Speaking of Christmas, last night was the Congressional ball, at which Trump gave a typically festive speech, calling Somalian people names, yelling at the Indiana senators who refused to vote for redistricting, and asking why we can’t have immigrants from Norway and Sweden instead of "shithole countries," but the most interesting part of his rant, and the one that is getting LOTS of attention from everybody was about Melania, who is starting some new project:

--Trump: "I just heard about that for the first time. The only thing I can tell you, I know one thing for sure, it’s going to be great for children. I don’t know what it is she’s doing. She loves children. She’s got a wonderful boy. And she’s very proud of her boy."

--Brian Tyler Cohen: "Uh, SHE’s got a wonderful boy?"

--Dj Omega Mvp: "A pretty weird way for a dad to talk about his own son. They’re all such bizarrely monstrous people."

--Nicole Hodges: "I think we all knew he wasn’t his."

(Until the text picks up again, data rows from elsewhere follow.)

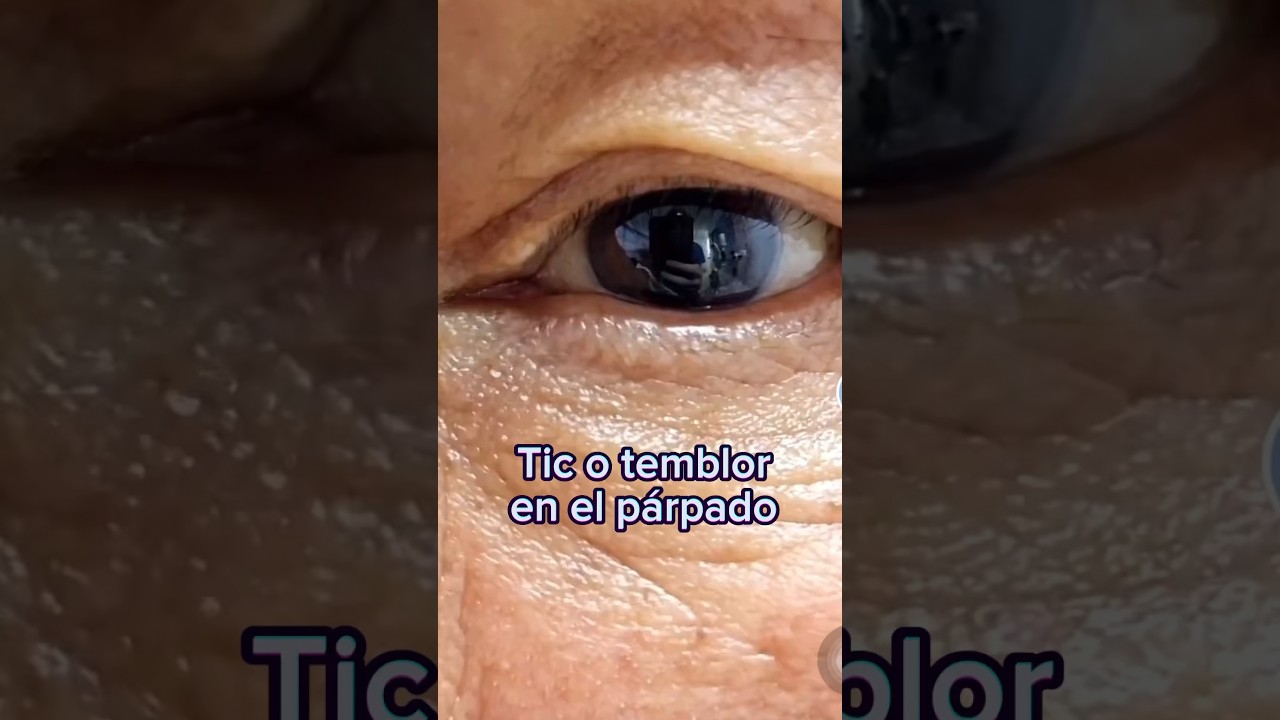 Descubre por qué te brinca el párpado: las posibles causas de este movimiento involuntario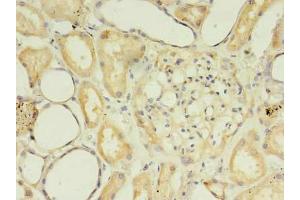 Immunohistochemistry of paraffin-embedded human kidney tissue using ABIN7169587 at dilution of 1:100 (SFXN2 Antikörper  (AA 1-99))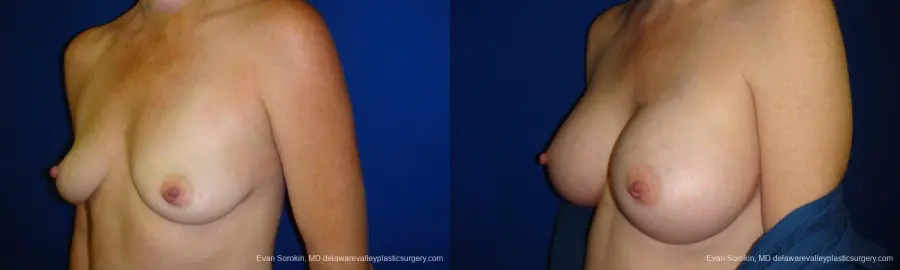 Philadelphia Breast Augmentation 9295 - Before and After 4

--This isn’t the first time Trump has talked about his son Barron as if he had no connection with him. He’s done it several times, including one occasion when he said, "That’s how the first lady got involved. She’s got a son."

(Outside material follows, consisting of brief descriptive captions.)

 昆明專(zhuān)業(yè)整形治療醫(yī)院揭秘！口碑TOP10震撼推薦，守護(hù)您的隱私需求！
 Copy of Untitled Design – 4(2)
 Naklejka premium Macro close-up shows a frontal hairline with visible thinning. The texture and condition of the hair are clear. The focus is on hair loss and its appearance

There was also an interesting moment at the ball when Trump decided to talk about Steve Scalise’s shooting. (Doesn’t he have ANY idea what you’re supposed to talk about at a CHRISTMAS party?):

--Trump said, "His wife was devastated. She was crying. I tell the story. I found out that night you have a wife that loves you dearly. I know many wives who would not even be crying."

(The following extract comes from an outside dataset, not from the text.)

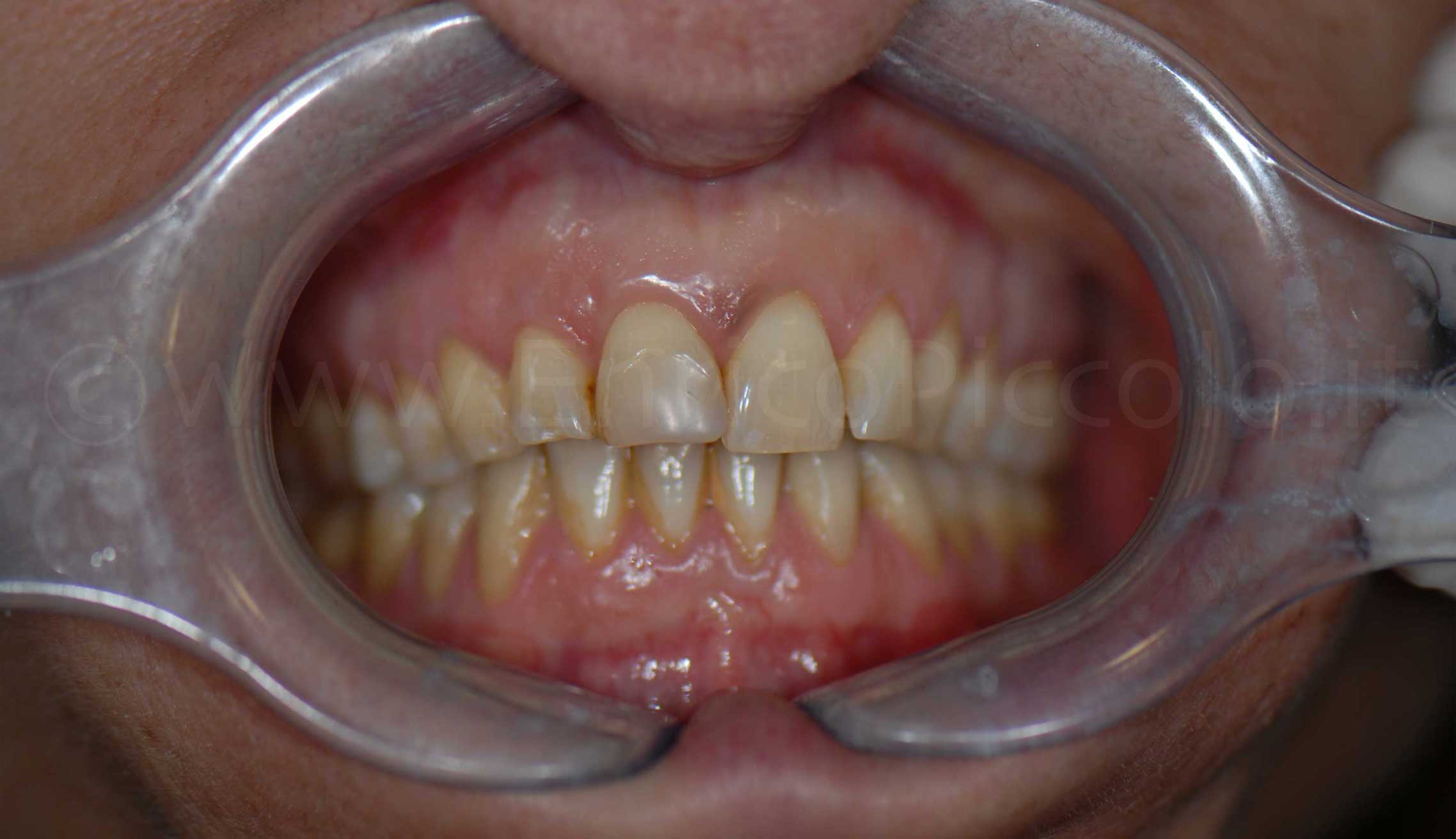 Before image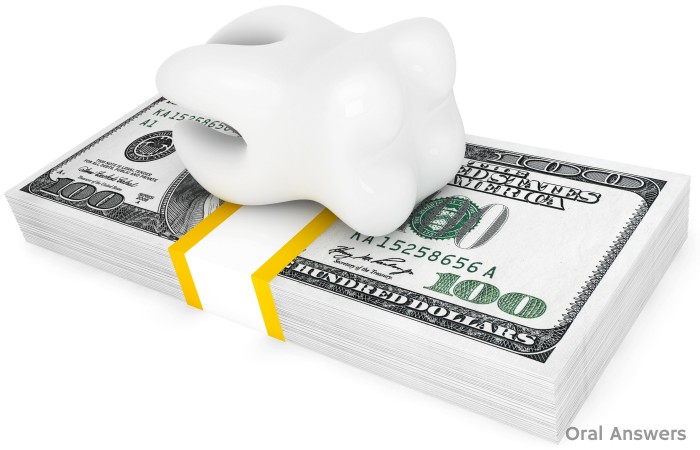 Average Dental Fees In Your Area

--During that entire part of the speech, Melania stood there next to him, stone-faced.

Republicans are giving all sorts of advice to people on the economy:

--Rand Paul: "Eat less. It’s good for your waistline as well as your budget."

--Dr. Oz: "Go easy on those Christmas cookies, guys. One is enough."

--Trump: "Americans must learn to adjust to a lower standard of living. You can give up certain products. You could give up pencils. Because under the China policy, every child can get 37 pencils. They only need 1 or 2. They don’t need that many...you don’t need37 dolls for your daughter. 2 or 3 is nice."

--The GOP on health care: "Do careful price shopping. Only buy what you really need. If you can’t afford it, go without."

--rugbymom: "It’s on individuals and families to adjust their purchasing downward to match their circumstances, even if that means going hungry and forgoing medical care."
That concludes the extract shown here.